◆ Records for the exercise:
━━━━━━━━━━━━━━━━━━━━━━━━━━━━━━
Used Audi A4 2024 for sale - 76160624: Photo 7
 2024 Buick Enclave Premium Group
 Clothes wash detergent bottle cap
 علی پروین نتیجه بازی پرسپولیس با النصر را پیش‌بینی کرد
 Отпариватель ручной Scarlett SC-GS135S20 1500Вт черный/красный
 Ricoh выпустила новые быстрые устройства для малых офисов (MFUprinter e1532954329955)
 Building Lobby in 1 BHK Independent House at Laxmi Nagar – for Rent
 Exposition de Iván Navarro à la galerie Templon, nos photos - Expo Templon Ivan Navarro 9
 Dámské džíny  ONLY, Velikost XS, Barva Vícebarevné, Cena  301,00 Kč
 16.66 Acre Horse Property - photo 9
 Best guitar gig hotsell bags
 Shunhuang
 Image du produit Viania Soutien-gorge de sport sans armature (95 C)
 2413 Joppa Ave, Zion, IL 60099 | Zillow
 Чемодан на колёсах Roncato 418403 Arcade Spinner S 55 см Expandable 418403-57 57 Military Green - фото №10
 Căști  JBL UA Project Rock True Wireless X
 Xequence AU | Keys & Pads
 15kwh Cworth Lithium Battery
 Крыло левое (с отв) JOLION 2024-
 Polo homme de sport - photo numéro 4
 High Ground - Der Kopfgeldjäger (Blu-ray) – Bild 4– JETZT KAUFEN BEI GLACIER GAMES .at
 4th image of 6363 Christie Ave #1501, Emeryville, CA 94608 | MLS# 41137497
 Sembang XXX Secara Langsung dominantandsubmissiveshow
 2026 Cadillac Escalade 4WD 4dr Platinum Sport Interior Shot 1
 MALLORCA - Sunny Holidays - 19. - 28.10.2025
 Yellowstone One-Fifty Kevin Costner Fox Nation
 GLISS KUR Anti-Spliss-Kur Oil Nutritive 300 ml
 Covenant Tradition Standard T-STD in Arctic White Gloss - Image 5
━━━━━━━━━━━━━━━━━━━━━━━━━━━━━━
◆ Description of the task: Exact copies of all the entries above are to be printed.

◆ Exercise answer:
Used Audi A4 2024 for sale - 76160624: Photo 7
 2024 Buick Enclave Premium Group
 Clothes wash detergent bottle cap
 علی پروین نتیجه بازی پرسپولیس با النصر را پیش‌بینی کرد
 Отпариватель ручной Scarlett SC-GS135S20 1500Вт черный/красный
 Ricoh выпустила новые быстрые устройства для малых офисов (MFUprinter e1532954329955)
 Building Lobby in 1 BHK Independent House at Laxmi Nagar – for Rent
 Exposition de Iván Navarro à la galerie Templon, nos photos - Expo Templon Ivan Navarro 9
 Dámské džíny  ONLY, Velikost XS, Barva Vícebarevné, Cena  301,00 Kč
 16.66 Acre Horse Property - photo 9
 Best guitar gig hotsell bags
 Shunhuang
 Image du produit Viania Soutien-gorge de sport sans armature (95 C)
 2413 Joppa Ave, Zion, IL 60099 | Zillow
 Чемодан на колёсах Roncato 418403 Arcade Spinner S 55 см Expandable 418403-57 57 Military Green - фото №10
 Căști  JBL UA Project Rock True Wireless X
 Xequence AU | Keys & Pads
 15kwh Cworth Lithium Battery
 Крыло левое (с отв) JOLION 2024-
 Polo homme de sport - photo numéro 4
 High Ground - Der Kopfgeldjäger (Blu-ray) – Bild 4– JETZT KAUFEN BEI GLACIER GAMES .at
 4th image of 6363 Christie Ave #1501, Emeryville, CA 94608 | MLS# 41137497
 Sembang XXX Secara Langsung dominantandsubmissiveshow
 2026 Cadillac Escalade 4WD 4dr Platinum Sport Interior Shot 1
 MALLORCA - Sunny Holidays - 19. - 28.10.2025
 Yellowstone One-Fifty Kevin Costner Fox Nation
 GLISS KUR Anti-Spliss-Kur Oil Nutritive 300 ml
 Covenant Tradition Standard T-STD in Arctic White Gloss - Image 5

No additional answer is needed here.